Waarheid aan het ziekbed
Hij heette Ebel. Hij was zo'n 20 jaar, enige en nog ongetrouwde zoon van een weduwe. Hij had pas verkering met een leuk meisje, verpleegster in het AMC te Groningen. Onverwacht kreeg hij een ernstige kanker. Hij werd erg ziek en opgenomen in het ziekenhuis. Zijn moeder verbood iedereen, ook mij, met Ebel te praten over het erge van zijn ziekte. De dokters konden niets meer voor hem doen. Het zou sterven worden.
Ik ging hem bezoeken. We praatten over van alles en nog wat, behalve over de ernst van zijn ziekte. Het waren geen echt fijne gesprekken.
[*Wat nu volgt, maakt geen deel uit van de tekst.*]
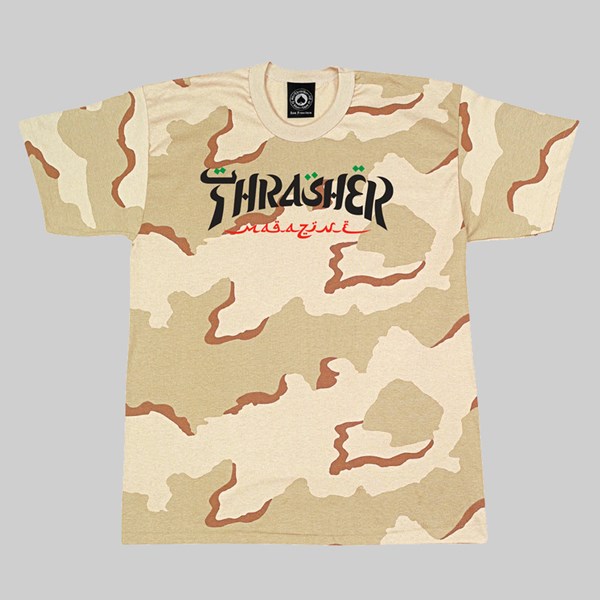 THRASHER CALLIGRAPHY SS T-SHIRT DESERT CAMO | THRASHER Tees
Na een paar bezoeken hield ik het niet meer vol. Voor mij was het of ik steeds zat te liegen aan zijn bed. Ik ging naar zijn moeder toe en zei haar, dat ik dit niet meer volhield, vol kón houden. Ebel had er recht op te weten, hoe het er bij stond. Ik deelde zijn moeder mee, dat ik er voor zou zorgen dat haar zoon zijn situatie te weten zou komen. Ze sputterde erg tegen, maar ik bleef bij mijn standpunt.